- Task details
Transcribe exactly the lines below that begin at the line with "LG Styler® Smart" and stop after the line with "Bán Ford Transit", leaving out every picture.
Dataset excerpts START
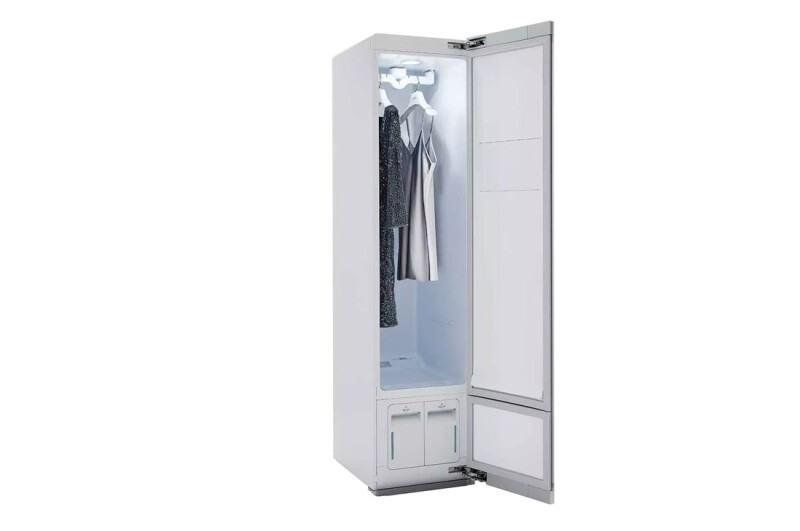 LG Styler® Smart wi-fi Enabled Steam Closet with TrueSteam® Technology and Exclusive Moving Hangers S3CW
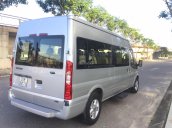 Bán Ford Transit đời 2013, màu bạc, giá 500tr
Dataset excerpts END
Dataset excerpts START
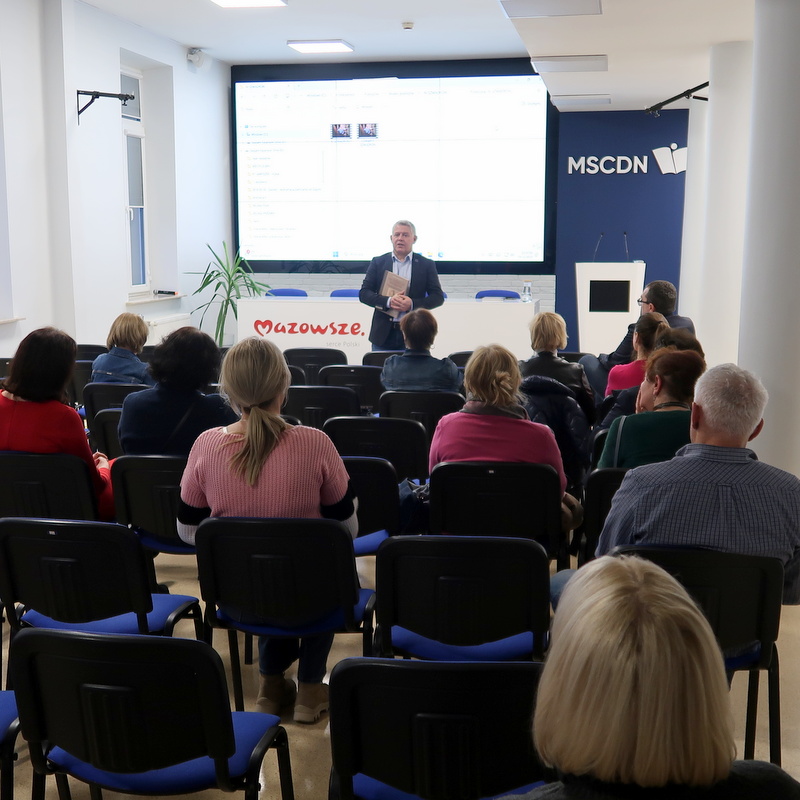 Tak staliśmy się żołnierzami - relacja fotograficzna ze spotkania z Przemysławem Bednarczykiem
Dataset excerpts END
- Answer box
 LG Styler® Smart wi-fi Enabled Steam Closet with TrueSteam® Technology and Exclusive Moving Hangers S3CW
 Bán Ford Transit đời 2013, màu bạc, giá 500tr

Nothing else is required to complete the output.